The source code of the software must be easily and freely accessible under an open source license, preferably on standard code hosting platform such as GitHub, Bitbucket, Code Ocean, among others. Open archives such as Zenodo that deliver a DOI can also be used to ensure that the code will remain available in the long term. For the readers' convenience, and in the spirit of Open Science, the scripts and code used to generate the results presented in the contribution should also be made available on the repository hosting the main code.
Special Issues
If you are interested in guest editing a special issue or special series for possible publication in the AP Magazine, please contact the Editor-in-Chief, for more information on special issue guidelines. You are also welcome to send us a proposal form with your ideas.

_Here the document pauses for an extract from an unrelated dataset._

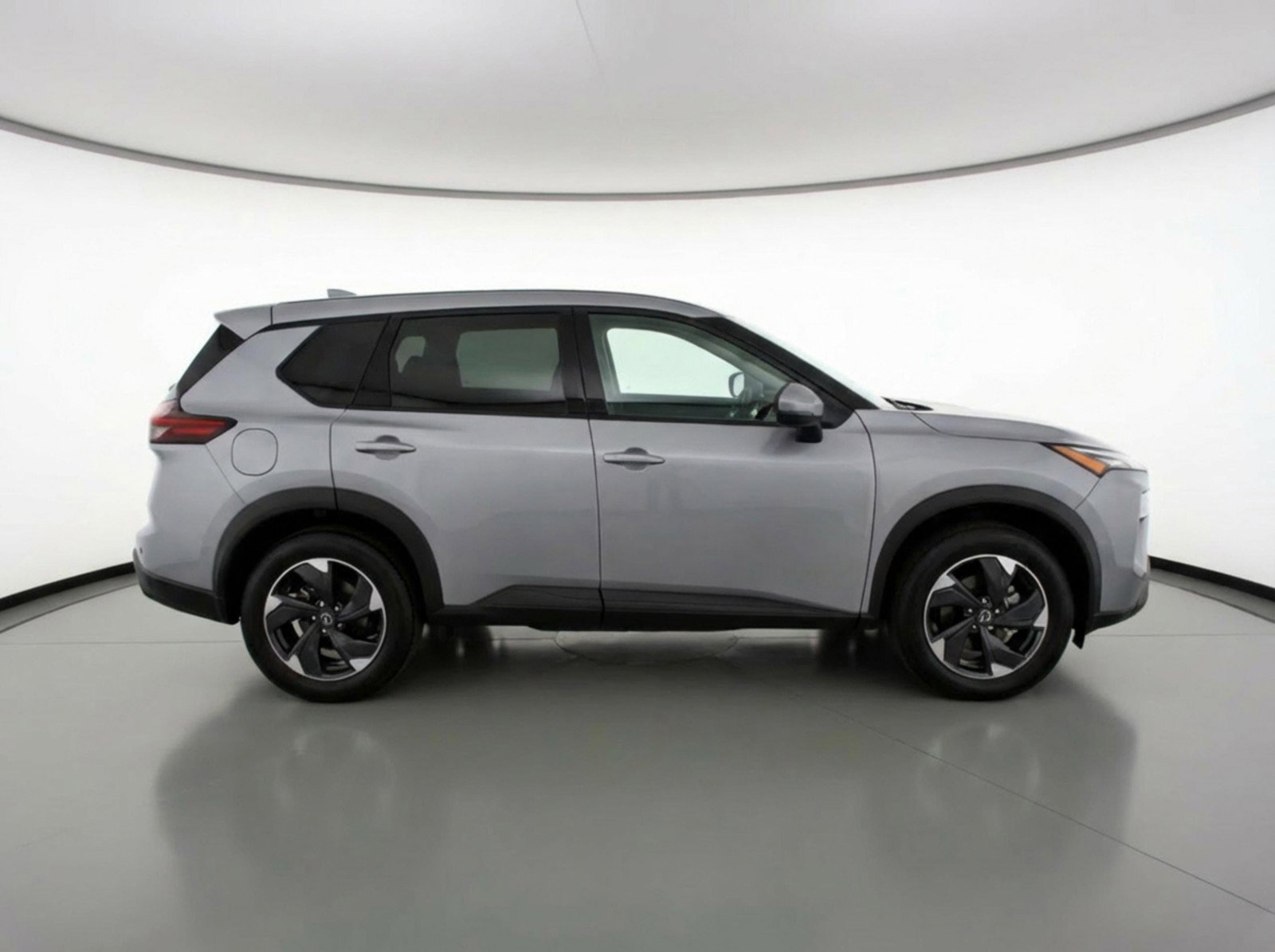 Used 2025 Nissan Rogue SV FWD image 11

As we would like a variety of topics to be presented in the Magazine, a proposal will be more successful if it is not similar to a special issue topic we have covered in the past. Previous topics published in the last 5 years include:
- Ultrawideband Antennas
- Satellite Antennas
- EM Education
- Artificial Intelligence
- Quantum Technologies
- EM Imaging for Food
- Characteristic Modes
- EM Metasurfaces
Paper Writing Style and Guidelines
Contributions to the IEEE Antennas and Propagation magazine are only accepted through the ScholarOne Manuscripts web-based system at https://mc.manuscriptcentral.com/apm-ieee.

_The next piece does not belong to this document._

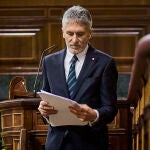 El ministro del Interior, Fernando Grande-Marlaska, comparece por segunda vez en el pleno para dar explicaciones sobre la tragedia ocurrida el pasado 24 de junio en la valla de Melilla en la que murieron al menos 23 personas.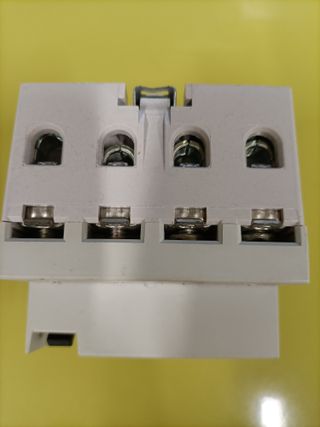 Interruptor Diferencial Siemens 40A 300mA 4p AC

All manuscripts should be in English. The main body of the paper (published both in paper and online) should have a writing style understandable to the average reader in the Antennas and Propagation Society including those doing research outside the field of expertise of the manuscript. It should have a preferred length of 10 one-column pages or less and it must not exceed 14 one-column pages. Papers that are over 14 pages in length may result in automatic rejection. Papers must use the one-column IEEE AP Magazine template, which can be found using the IEEE Template Selector (https://template-selector.ieee.org/). PDF format is preferred, though Microsoft Word documents (.doc, .docx) are allowed.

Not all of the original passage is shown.